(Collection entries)
>>>>>

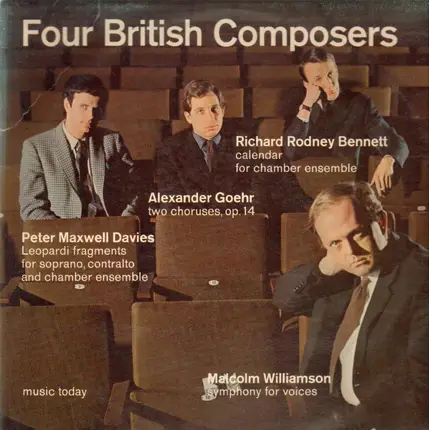 Peter Maxwell Davies / Alexander Goehr / Richard Rodney Bennett / Malcolm Williamson - New Music From Britain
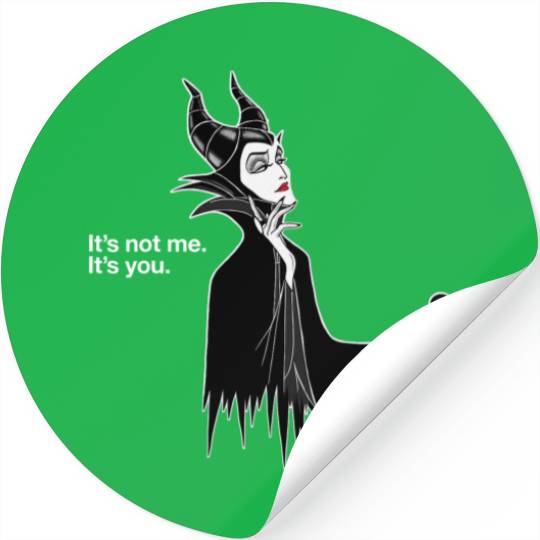 Disney Villains Maleficent It's Not Me It's You Stickers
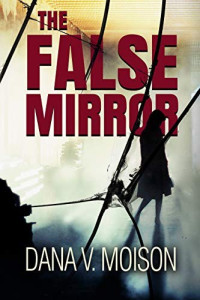 Dana V. Moison — The False Mirror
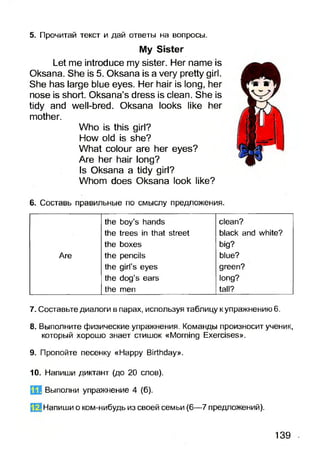 My Sister
Let me introduce my sister. Her name is
Oksana. She is 5. Oksana is a very pretty girl.
She has large blue eyes. Her hair is long, her
nose is short. Oksana’s dress is clean. She is
tidy and well-bred. Oksana looks like her
mother.
Who is this girl?
How old is she?
What colour are her eyes?
Are her hair long?
Is Oksana a tidy girl?
Whom does Oksana look like?
5. Прочитай текст и дай ответы на вопросы.
6. Составь правильные по смыслу предложения.
the boy’s hands clean?
the trees in that street black and white?
the boxes big?
Are the pencils blue?
the girl’s eyes green?
the dog’s ears long?
the men tall?
7. Составьте диалоги в парах, используя таблицу к упражнению 6.
8. Выполните физические упражнения. Команды произносит ученик,
который хорошо знает стишок «Morning Exercises».
9. Пропойте песенку «Happy Birthday».
10. Напиши диктант (до 20 слов).
Выполни упражнение 4 (б).
ЙЗ Напиши о ком-нибудь из своей семьи (6—7 предложений).
11.
139
 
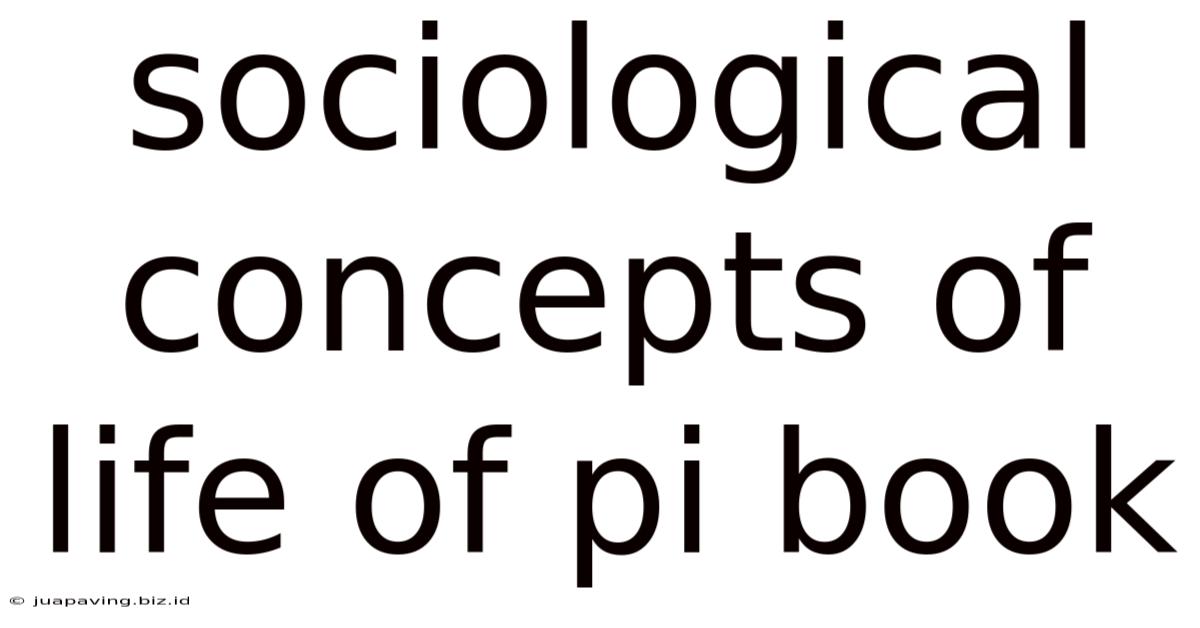 Sociological Concepts Of Life Of Pi Book
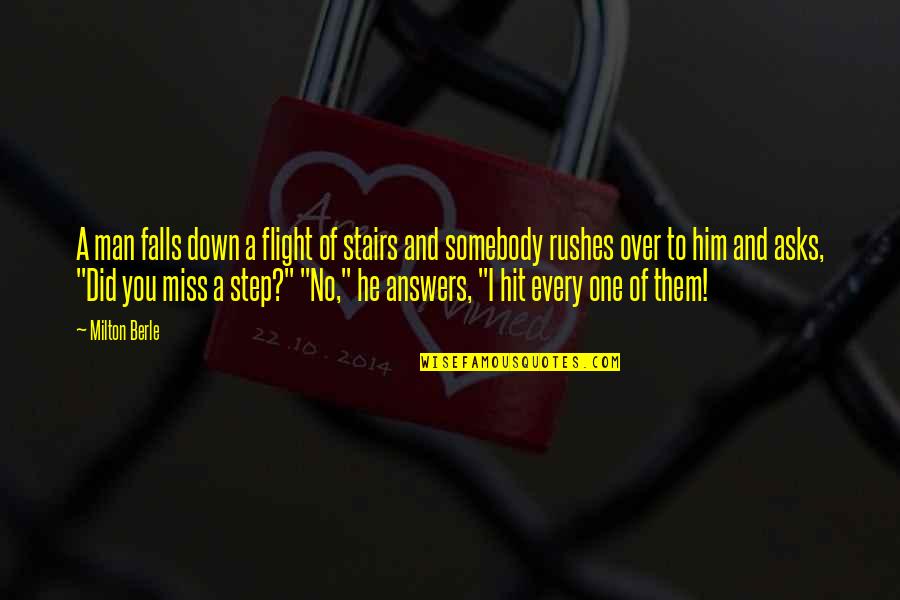One Step For Man Quotes By Milton Berle: A man falls down a flight of stairs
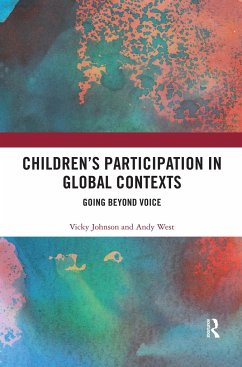 Children's Participation in Global Contexts - Johnson, Vicky (University of Brighton, UK); West, Andy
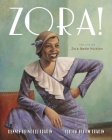 Zora!: The Life of Zora Neale Hurston By Dennis Brindell Fradin, Judith Bloom Fradin Cover Image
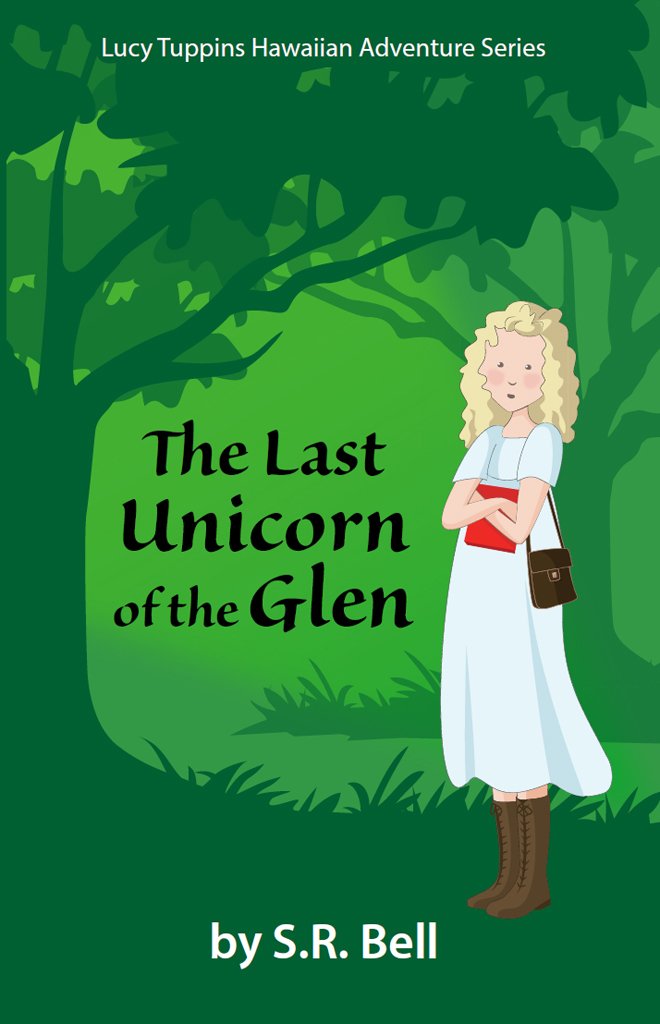 Lucy Tuppins Hawaiian Adventure Series: The Last Unicorn of the Glen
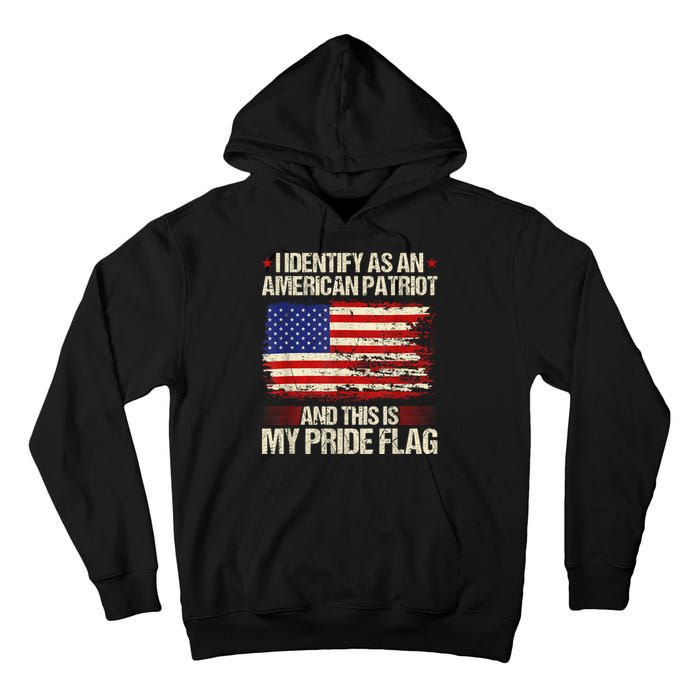 I Identify As An American Patriot This Is My Pride Flag Tall Hoodie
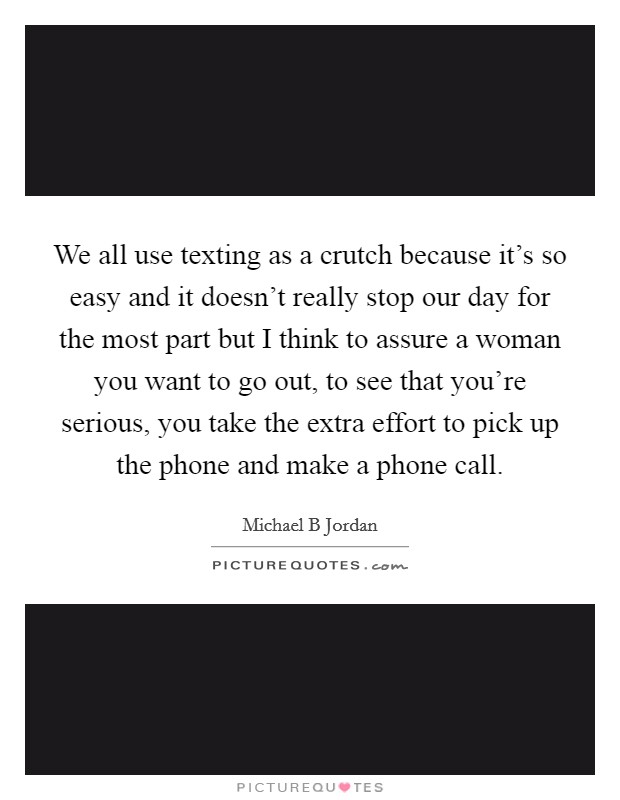 We all use texting as a crutch because it's so easy and it doesn't really stop our day for the most part but I think to assure a woman you want to go out, to see that you're serious, you take the extra effort to pick up the phone and make a phone call. Picture Quote #1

<<<<<

- Work item
Your reply should consist solely of the lines above, from the opening line through the line with "Let me introduce my sister. Her name is", reproduced exactly and without pictures.

- Expected answer
 Peter Maxwell Davies / Alexander Goehr / Richard Rodney Bennett / Malcolm Williamson - New Music From Britain
 Disney Villains Maleficent It's Not Me It's You Stickers
 Dana V. Moison — The False Mirror
 My Sister
Let me introduce my sister. Her name is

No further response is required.